Casi medio siglo después de la publicación de este libro, resulta interesante comprobar que sea la primera sección, signada por una disputa superada hace varias décadas, la más actual de la obra. La razón parece ser la posición inaugural que establece la respuesta de Barthes ante el academicismo esclerótico de Francia. Es la liquidación de la tradición crítica decimonónica que se había decantado en el historicismo o el determinismo más absurdos. Con esto, Barthes inicia una nueva forma de pensar el rol del lenguaje dentro la obra literaria y fundamenta una condena que bien puede funcionar en el presente contra todo intento de un acercamiento ingenuo a cualquier obra estética. El pensamiento regresivo, el código de la letra, la trasparencia del lenguaje y lo corriente son vicios que aquejan aún a la mayoría de críticos literarios no especializados y empíricos. Sin embargo, es en la segunda parte en la que los planteamientos de Barthes tambalean ante el nuevo escenario de los estudios literarios; su clasificación se basa aún en una distinción entre el lenguaje corriente y el lenguaje literario o poético, como lo hacían los formalistas rusos en sus primeros escritos de los años veinte. El modelo lingüístico, del que él mismo provee los límites, ha sido superado por el postestructuralismo: no se puede hablar de un sistema de la lengua del que se desprenden los productos textuales como casos particulares (en cambio sí de procesos de significación como lo recalca Kristeva), la simbolización no es una caracterización intrínseca del lenguaje sino de su uso (como lo determino el segundo Wittgenstein), la categoría de escritura ha sido ampliada por Derrida, y el análisis discursivo ha superado la noción de texto a dimensiones que sobrepasan las literarias y que identifican a corpus ideológicos completos. El autotelismo de la crítica también se presenta desfasado, y se enfrenta a la reacción casi contemporánea de la semiótica de la Escuela de Tartu, a la importancia de la recepción propugnada por la Escuela de Constanza y a los aportes posteriores de Said que plantea su mundaneidad.

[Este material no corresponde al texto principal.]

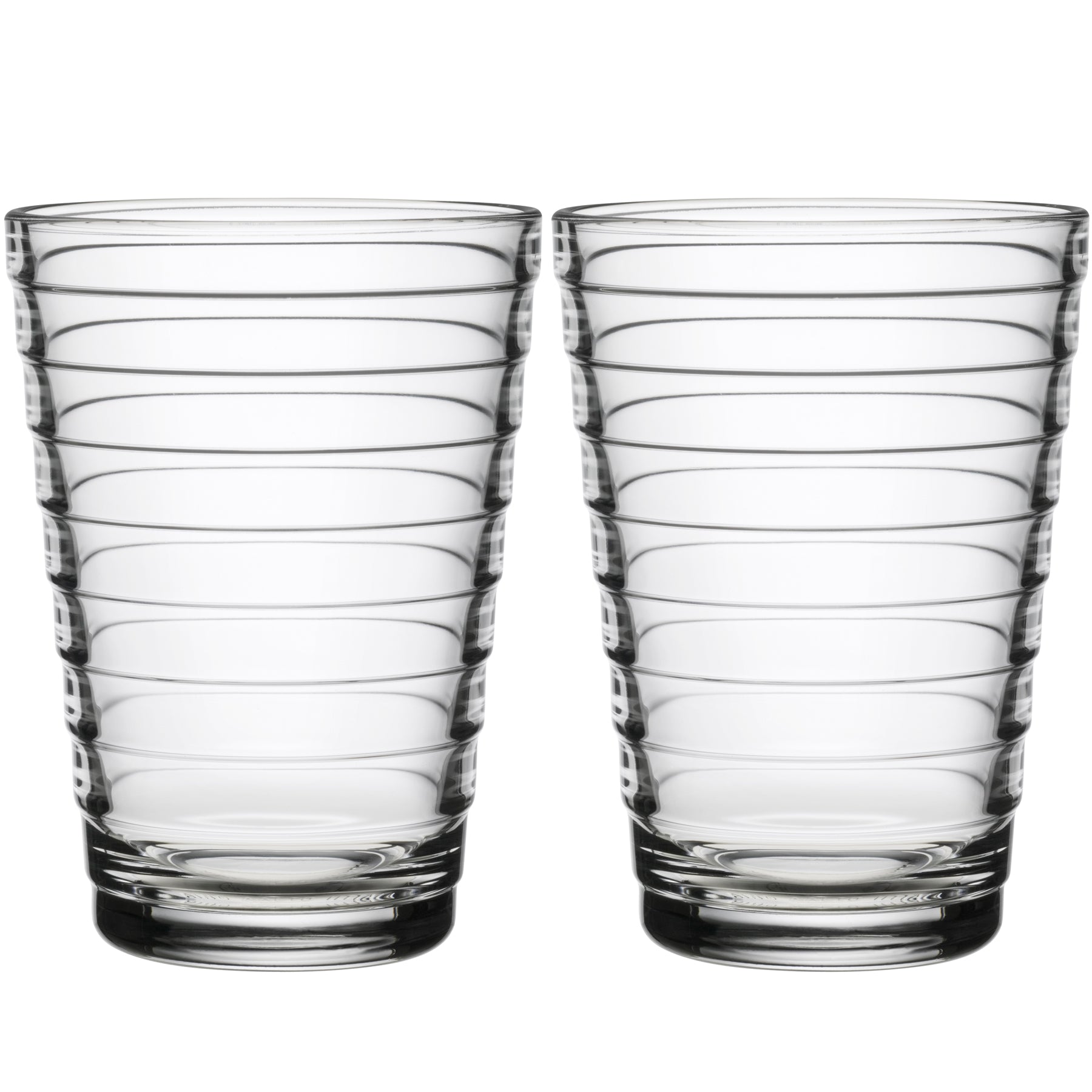Iittala - Aino Aalto Trinkgläser 33 cl (2er-Set) | klar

A pesar de lo anterior, la obra de Barthes resulta todavía estimulante porque propone una visión de la praxis crítica como contestataria y autorreflexiva. No hay crítica si no se discurre sobre el mismo fin de dicha práctica y se está comprometido con ella. La crítica es una acto ético y estético, no un juicio que equipara ambas dimensiones de la vida; de lo contrario, toda interpretación se convierte en mera lectura y, como tal, en universalización errónea, en «pastiche».